HER NAME MEANS PRINCESS
Her name means ‘princess’ and her father
called her ‘precious’ once and her mother dressed her in pink dresses and
did her hair in curls. And she was bonnie. Didn’t everyone say so? And she was
used to getting her own way and the stamp of her little foot and the pretty
pout of her lips and her arms folded into a stubborn knot, until the world was
put right again and ordered just the way she wished it.
Now she is grown and she stamps her foot
still, so hard the floorboards crack and dust from the floor rises in small
clouds; and her bottom lip still quivers, just enough it can be seen; and she
wants everything her way or no way at all.

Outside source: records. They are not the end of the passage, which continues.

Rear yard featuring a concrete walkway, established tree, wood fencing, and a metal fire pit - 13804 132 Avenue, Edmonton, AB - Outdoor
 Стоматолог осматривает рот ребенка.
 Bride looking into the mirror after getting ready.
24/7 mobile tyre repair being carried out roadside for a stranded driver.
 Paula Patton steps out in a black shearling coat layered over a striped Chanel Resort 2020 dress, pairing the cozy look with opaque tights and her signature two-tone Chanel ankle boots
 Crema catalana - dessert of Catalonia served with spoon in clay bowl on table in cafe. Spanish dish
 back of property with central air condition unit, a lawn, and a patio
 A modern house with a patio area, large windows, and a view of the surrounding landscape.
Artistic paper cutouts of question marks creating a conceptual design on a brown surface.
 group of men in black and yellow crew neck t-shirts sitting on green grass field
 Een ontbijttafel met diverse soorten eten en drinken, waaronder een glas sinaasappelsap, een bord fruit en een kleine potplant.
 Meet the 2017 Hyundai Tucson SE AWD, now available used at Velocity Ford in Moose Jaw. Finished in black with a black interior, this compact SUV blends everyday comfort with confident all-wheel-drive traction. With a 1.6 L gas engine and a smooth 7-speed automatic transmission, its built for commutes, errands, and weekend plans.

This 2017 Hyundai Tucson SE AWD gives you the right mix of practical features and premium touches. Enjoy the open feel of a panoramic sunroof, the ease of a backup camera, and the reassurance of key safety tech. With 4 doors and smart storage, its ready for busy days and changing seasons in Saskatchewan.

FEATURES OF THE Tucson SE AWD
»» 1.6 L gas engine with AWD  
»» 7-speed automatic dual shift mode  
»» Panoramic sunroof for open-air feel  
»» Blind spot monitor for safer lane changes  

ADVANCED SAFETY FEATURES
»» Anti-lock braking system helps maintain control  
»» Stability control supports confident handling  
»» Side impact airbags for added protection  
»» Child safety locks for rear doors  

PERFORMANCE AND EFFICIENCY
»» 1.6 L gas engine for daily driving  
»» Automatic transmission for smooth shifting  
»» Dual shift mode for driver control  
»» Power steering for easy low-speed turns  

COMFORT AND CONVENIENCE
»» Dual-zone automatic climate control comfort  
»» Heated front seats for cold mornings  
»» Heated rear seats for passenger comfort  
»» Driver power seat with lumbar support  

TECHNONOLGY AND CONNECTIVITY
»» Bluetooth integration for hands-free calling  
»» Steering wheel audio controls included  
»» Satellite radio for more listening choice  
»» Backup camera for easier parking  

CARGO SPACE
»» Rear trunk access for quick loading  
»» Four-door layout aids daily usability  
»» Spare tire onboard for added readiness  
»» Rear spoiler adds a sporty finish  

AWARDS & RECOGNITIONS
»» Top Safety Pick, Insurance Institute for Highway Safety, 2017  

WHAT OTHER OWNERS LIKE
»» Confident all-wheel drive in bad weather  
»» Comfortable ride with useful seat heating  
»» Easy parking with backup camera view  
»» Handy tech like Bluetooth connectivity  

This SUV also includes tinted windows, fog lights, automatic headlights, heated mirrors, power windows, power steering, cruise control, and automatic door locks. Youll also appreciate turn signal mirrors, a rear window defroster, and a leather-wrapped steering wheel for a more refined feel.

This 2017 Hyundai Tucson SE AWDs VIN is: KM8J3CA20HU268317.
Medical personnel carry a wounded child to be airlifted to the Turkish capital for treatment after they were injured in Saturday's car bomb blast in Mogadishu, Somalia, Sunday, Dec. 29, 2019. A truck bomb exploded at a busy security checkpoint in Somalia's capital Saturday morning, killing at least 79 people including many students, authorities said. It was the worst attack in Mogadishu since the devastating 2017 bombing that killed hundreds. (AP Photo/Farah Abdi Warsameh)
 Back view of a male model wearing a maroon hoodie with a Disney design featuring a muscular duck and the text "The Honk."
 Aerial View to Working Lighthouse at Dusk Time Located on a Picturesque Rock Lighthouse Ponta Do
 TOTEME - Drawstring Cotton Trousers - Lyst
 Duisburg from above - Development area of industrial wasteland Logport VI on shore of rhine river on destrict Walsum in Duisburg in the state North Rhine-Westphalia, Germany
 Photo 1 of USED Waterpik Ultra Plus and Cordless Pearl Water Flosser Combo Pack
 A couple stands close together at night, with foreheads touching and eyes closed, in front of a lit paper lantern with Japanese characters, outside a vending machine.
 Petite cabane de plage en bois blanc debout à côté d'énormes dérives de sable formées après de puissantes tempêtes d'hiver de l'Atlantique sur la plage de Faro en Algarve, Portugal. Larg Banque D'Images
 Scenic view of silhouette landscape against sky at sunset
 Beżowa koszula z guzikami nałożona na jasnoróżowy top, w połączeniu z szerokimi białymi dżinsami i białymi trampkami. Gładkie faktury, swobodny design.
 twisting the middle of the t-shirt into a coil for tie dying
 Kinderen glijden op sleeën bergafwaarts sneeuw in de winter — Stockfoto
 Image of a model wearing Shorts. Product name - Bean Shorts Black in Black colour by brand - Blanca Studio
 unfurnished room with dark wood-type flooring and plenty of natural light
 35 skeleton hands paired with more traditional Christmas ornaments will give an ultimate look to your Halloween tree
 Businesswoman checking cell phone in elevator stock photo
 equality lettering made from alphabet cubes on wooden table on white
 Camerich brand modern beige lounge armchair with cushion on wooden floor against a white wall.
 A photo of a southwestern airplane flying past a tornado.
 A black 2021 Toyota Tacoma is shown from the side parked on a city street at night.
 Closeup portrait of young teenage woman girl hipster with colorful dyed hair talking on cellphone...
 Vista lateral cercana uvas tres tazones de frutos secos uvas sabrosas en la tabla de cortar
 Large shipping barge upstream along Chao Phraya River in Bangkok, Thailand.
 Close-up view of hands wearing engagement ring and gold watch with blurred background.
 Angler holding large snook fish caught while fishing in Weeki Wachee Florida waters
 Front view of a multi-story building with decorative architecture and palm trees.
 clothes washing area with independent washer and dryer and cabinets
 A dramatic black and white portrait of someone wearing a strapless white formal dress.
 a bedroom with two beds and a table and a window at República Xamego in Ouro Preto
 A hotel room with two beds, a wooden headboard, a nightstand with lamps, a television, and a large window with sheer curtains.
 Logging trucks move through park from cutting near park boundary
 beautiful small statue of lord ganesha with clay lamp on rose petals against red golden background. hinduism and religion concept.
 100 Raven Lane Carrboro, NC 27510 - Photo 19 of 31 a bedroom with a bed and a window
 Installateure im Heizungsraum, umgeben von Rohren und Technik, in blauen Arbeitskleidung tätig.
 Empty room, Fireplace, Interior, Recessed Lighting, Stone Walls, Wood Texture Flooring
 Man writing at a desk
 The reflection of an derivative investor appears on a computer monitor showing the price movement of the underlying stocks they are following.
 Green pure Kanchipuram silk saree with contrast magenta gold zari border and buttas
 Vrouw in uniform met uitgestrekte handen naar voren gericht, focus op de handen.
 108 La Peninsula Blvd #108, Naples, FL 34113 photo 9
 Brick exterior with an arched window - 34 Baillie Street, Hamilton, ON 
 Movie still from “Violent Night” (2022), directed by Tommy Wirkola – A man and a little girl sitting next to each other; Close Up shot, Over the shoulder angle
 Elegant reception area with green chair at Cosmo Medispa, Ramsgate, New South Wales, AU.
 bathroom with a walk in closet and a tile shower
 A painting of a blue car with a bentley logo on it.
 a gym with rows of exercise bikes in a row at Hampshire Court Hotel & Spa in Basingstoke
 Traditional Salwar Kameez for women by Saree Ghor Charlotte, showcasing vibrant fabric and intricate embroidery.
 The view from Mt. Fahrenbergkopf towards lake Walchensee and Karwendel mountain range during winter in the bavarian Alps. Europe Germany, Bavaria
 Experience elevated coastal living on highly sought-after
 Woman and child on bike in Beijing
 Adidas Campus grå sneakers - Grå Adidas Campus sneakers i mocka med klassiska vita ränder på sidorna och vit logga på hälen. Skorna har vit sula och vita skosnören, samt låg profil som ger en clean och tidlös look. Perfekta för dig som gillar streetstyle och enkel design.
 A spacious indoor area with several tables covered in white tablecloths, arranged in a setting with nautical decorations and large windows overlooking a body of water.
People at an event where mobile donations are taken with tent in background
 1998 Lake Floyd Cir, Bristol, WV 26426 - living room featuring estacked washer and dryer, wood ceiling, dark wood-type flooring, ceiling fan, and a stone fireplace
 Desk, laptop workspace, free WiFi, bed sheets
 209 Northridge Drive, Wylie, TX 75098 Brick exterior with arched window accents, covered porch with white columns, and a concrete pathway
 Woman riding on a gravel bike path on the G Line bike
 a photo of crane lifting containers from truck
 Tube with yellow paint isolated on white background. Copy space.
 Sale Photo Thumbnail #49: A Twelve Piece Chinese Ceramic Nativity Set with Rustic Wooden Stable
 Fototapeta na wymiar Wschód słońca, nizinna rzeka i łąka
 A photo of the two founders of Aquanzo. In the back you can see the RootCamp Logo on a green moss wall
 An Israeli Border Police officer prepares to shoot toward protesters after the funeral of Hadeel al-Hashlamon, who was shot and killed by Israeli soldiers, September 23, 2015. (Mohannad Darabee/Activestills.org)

But the world that bent like this and like
that and all to make a little girl smile, that same world does not care for her
now she is grown. Listen and you’ll hear the tut tut of disapproval where
before there was ‘bonnie’ and everyone agreeing. So she slams doors and screams
at walls and pulls her hair straight as nails.
The people are not moved.
So she sits in her room, hunched and
hooked, and she is not to be disturbed, not unless… and dust settles and the
air grows warm, fizzes like spilled electricity, and all her pent up spite she
sets to wasp-words that she tucks into letters and those letters she sends out
to this place or that. And by such small acts of malice she thinks she makes a
difference; and she does, but it is not the difference that she thinks to make.